Monday, April 12, 2010
Implied Volatility and Earnings
Earnings season is upon us and is harkened by this evening's release of Alcoa, Inc.'s (AA) numbers. The question traders are asking is: What impact will the earnings release have on the price of the stock? Well there is a quick and dirty method for estimating this and it works particularly well on expiration week (which this week is for those who weren't paying attention). Take the front month implied volatility of the at-the-money options and divide by the square root of time. What?
Let's use AA as our example. AA closed on Friday at $14.39, which isn't conveniently right at a strike, but since AA options have strike in $1 increments we can use an estimated average of implied volatility for the 14 and 15 strikes on the April options. Obviously, stocks are seldom right at a strike so the simple averaging of the two surrounding strikes is a good way to go. If you want to get really fancy you can calculate a weighted average, but that kind of defeats the quick and dirty part. So the average implied volatility for these strikes as of Friday's close was approximately 65%. It's important to remember that that is an annualized number. To convert that into the a daily expectation we need to divide that by the square root of time, which in this case is the number of trading days in a year. Generally there are about 250 trading days per year and √250 = 15.81, but 16 is good for quick and dirty and is also much easier to remember. 65%/16 = 4.06% or roughly $.58. Note that there is no directional implication.

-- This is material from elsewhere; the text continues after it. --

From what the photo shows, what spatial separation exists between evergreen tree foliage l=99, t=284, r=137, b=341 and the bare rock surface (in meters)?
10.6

Now there are three important points to keep in mind. First, the calculated value is based on Friday's close, a better estimate can be made when as we approach today's 4 PM close. In other words do the math again around 3:30 PM, since there is likely to be some active trading in these options ahead of the earnings report which will obviously impact the implied volatility value. Second, know what the number means. Implied volatility is the boundary of the first standard deviation, meaning that if you could repeat this particular earnings release 100 times, 67 of those releases would impact the stock by no more than + or – 4% and 33 of those releases would result in a gain or loss in value of more than 4%. Finally and probably most importantly, is the trend in volatility. It's a good idea to know whether both actual and implied volatility has been rising or falling over the last several days to get a feel for what expectations are out there. Unless you have been following the options for a few days it is hard to know this, however you can get a pretty good estimate for an individual stock at www.ivolatilty.com . But it is really about the last minute action ahead of the numbers, so looking at the 3:30 PM calculation compared to Friday's calculation may be sufficient.
In summary, the average implied volatility of the at-the-money strikes divided by 16 will give you a range of potential impact of the earnings release. While we are using this method for estimating the impact of an earnings event, you can use it whenever there is an impending event that could have an immediate impact on a stock.